Extracted entries Start Marker

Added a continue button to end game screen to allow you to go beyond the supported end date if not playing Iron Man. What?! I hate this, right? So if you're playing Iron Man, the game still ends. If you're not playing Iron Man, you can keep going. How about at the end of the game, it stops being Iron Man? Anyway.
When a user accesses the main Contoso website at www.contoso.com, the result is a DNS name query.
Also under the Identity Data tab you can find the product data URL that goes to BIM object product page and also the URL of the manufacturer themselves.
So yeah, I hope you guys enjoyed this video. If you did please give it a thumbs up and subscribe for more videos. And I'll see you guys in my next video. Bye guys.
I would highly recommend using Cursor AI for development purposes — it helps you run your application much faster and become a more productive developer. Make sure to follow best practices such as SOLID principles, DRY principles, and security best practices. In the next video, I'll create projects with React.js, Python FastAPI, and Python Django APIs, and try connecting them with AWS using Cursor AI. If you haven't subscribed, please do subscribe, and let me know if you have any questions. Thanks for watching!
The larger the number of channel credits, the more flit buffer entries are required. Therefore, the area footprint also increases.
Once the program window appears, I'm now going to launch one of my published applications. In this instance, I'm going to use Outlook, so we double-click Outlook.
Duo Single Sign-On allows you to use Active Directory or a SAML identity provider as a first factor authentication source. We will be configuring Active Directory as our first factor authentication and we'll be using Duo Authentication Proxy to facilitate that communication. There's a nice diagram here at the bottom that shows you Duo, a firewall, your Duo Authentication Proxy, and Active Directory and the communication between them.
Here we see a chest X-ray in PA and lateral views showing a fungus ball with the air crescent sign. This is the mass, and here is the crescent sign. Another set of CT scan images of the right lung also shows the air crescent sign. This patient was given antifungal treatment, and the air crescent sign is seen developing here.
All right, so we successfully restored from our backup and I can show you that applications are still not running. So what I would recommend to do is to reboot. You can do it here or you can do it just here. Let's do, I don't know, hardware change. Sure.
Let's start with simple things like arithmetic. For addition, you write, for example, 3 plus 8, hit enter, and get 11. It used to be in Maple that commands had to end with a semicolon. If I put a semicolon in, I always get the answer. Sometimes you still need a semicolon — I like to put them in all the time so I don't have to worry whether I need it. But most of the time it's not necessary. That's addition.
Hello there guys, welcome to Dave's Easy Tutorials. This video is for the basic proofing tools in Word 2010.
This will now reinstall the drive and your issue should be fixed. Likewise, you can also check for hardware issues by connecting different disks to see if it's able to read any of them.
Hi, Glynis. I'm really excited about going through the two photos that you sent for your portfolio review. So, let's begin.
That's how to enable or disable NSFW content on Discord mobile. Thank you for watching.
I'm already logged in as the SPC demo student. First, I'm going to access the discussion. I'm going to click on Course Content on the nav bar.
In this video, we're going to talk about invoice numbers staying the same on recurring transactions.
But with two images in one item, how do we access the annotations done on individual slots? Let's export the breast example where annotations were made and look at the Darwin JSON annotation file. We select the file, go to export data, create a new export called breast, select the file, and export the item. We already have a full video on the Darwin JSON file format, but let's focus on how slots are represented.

Extracted entries End Marker

Go through the records from the first line and copy each one exactly, ending after the line that contains "When a user". Give nothing else.

Added a continue button to end game screen to allow you to go beyond the supported end date if not playing Iron Man. What?! I hate this, right? So if you're playing Iron Man, the game still ends. If you're not playing Iron Man, you can keep going. How about at the end of the game, it stops being Iron Man? Anyway.
When a user accesses the main Contoso website at www.contoso.com, the result is a DNS name query.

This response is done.